To avoid criticism say nothing, do nothing, be nothing. -Aristotle

In the span of about 15 minutes, and all before 8 o’clock in the morning, I was given the following feedback today:

1. My post yesterday rambled a bit much
2. I allowed old thinking to creep in, and, as a result, I interacted with my family in a negative way
3. I look odd… and, as a follow-up, some helpful advice: perhaps I should apply make-up before I go into the outside world

(To be fair, #3 came from a 10-year old boy)

In the spirit of comparing self to self, here’s how the “old me” would have handled the feedback: I would have been self-righteously indignant about the first, would have self-righteously dismissed the second, and would have self-righteously retaliated against the third for the rest of the day.

Here’s how the “new me” can, and will, handle this feedback. First, I will not lump them all together and decide that the day is doomed. Instead, I will look at them as individual pieces of information, and decide what to do with each. I will recognize that I regularly ask for feedback with my writing, and I will genuinely take the advice in the spirit in which it was given, and use it to improve my blog going forward.

With the second, I will consider the information, and whether or not I agree with the conclusion, I will accept that we are all entitled to our opinion, and I will respect it for that reason alone.

With the third, I will laugh my ass off, because he is absolutely correct!

Most important, I will see that when a chain of events is happening, they are happening for a reason, and I need to look inward and figure out what is going with my thoughts, feelings and behaviors, since they are the only thing I can control. As I may have mentioned once or twice, there are no coincidences, so I believe that God wants me to figure something out, and, if I choose to ignore this suggestion, the events will continue to happen until I do.

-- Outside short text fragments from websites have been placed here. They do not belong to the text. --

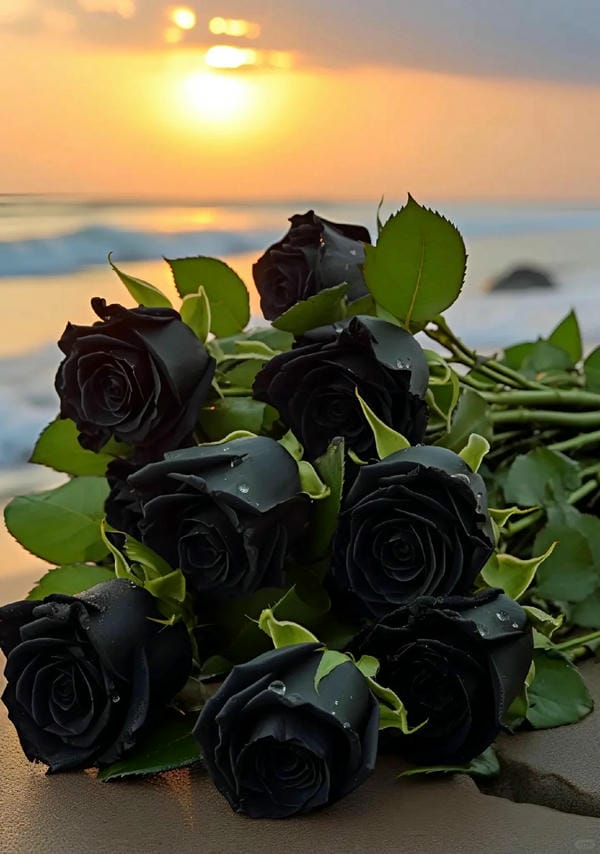 hình ảnh hoa hồng đen 26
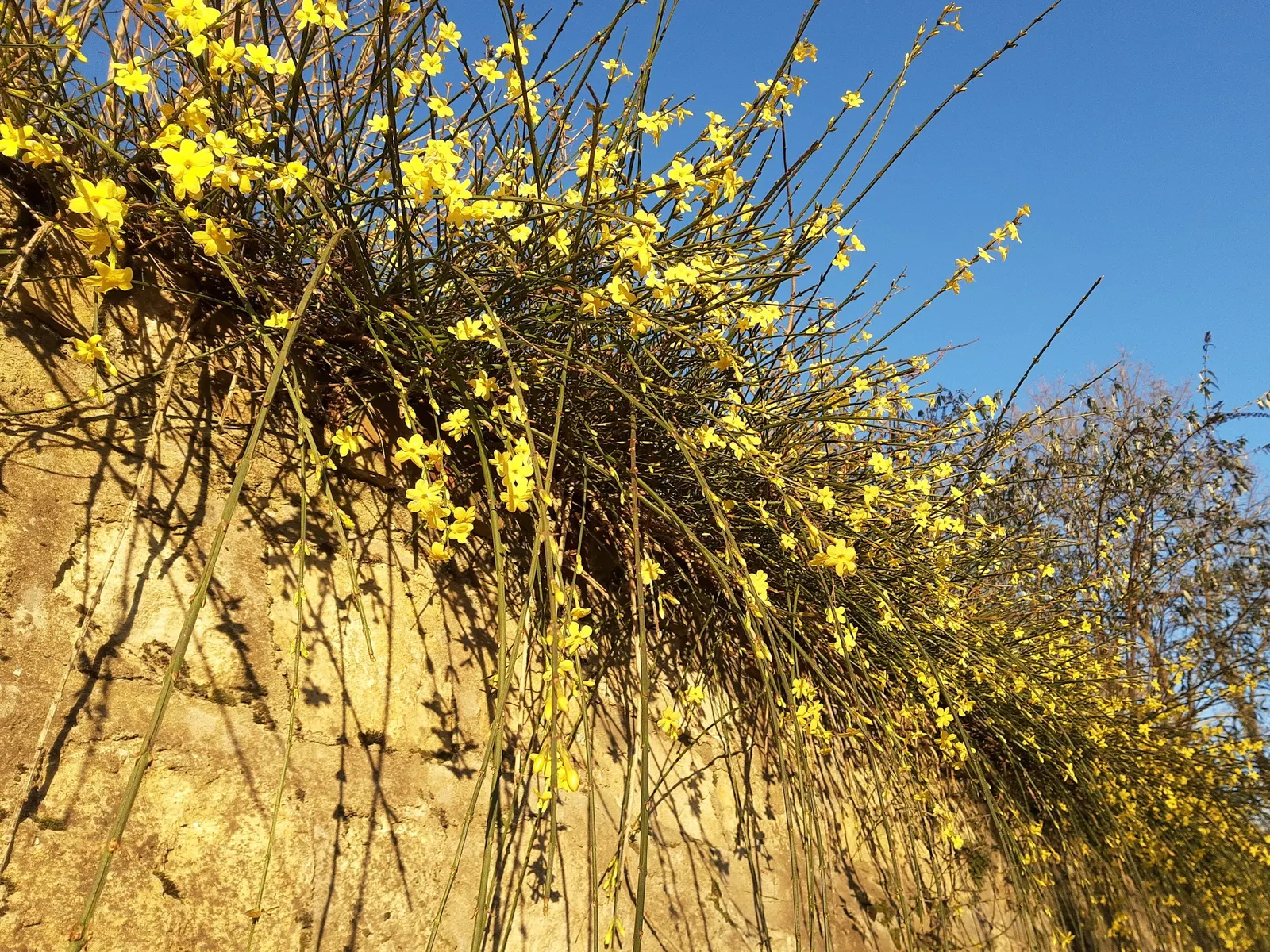 Winter Jasmine (Jasminum Nudiflorum) — or spilling down slopes as a ground cover; its ease of maintenance and vigorous growth mean it can be pruned to desired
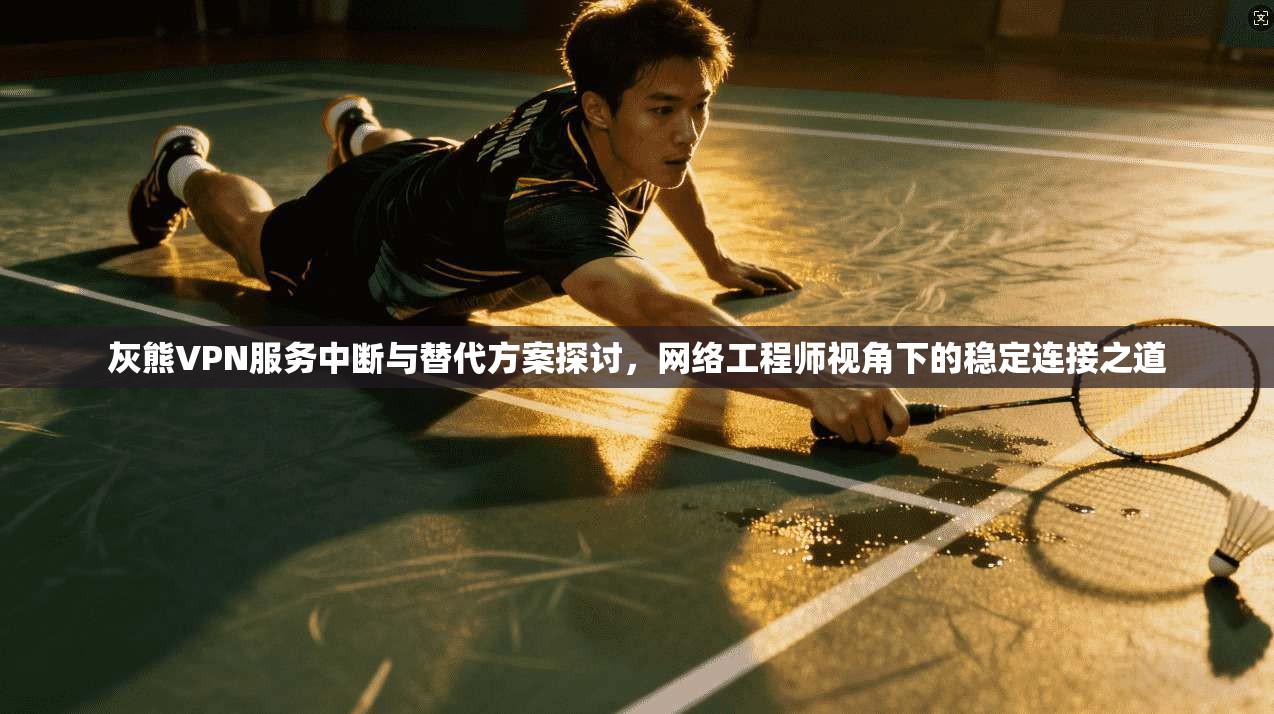 灰熊VPN服务中断与替代方案探讨,网络工程师视角下的稳定连接之道 灰熊VPN服务中断与替代方案探讨,网络工程师视角下的稳定连接之道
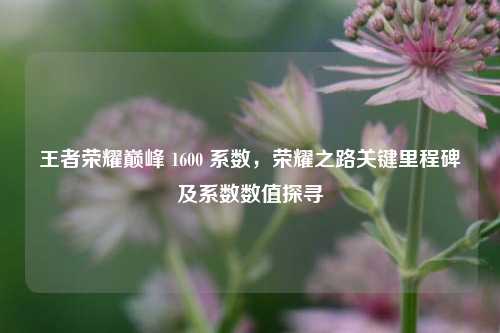 王者荣耀巅峰 1600 系数,荣耀之路关键里程碑及系数数值探寻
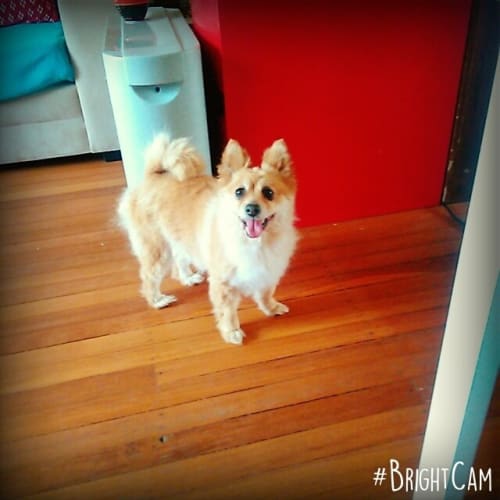 No photo for Roxy  ** A Petite Little Princess **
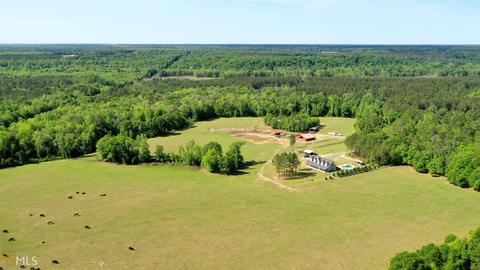252 Griffin Rd, Oglethorpe, GA 31068 photo 14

Now I need to go upstairs and put on some make-up!

Today’s Miracle:

The candor and perspective of a 10-year old boy (and the fact that I can laugh at it) qualifies as a miracle.

Posted on February 21, 2013, in Recovery and tagged , , , , , , , , , , , , , . Bookmark the permalink. 4 Comments.

  1. Victoria Holland

    I think you look pretty w/out make up! Don’t listen to that kid! J

    Miss you!

    Victoria Holland

    Materials Manager

    Philip Rosenau Company

    215-956-1980 x120

    fax- 215-956-0864


  2. I can so much identify with what you’re saying here – both the “old you” and the you that you’re trying to be. I am definitely guilty of grouping things together, and I appreciate that you say you will *not* group those three criticisms together and let it snowball. Thank you for this post and these gentle reminders! – Caitlin.


  3. Well said! I loved it. It’s amazing how a simple (well, simple to us *now*) yet powerful shift in our perception sets us up for a learning experience rather than a trip on the resentment train. As alcoholics, selfishness and self-centeredness ruled us, and our ego ran the show. So any sort of criticism was a set up for lashing out, accusations and defense mechanisms to flare up. I know I would have done a lot of damage to myself, shredding my self-esteem (what little there was) to bits to prove that those people were *right*. Then drink *at* them (“I’ll show them…” blah blah blah).

    What a way to live now…with a pause to reflect, tuck away ego, and see where God is leading us.

    Thank you for this wonderful post.



  4. i’ve often said: Coincidence is the language of God.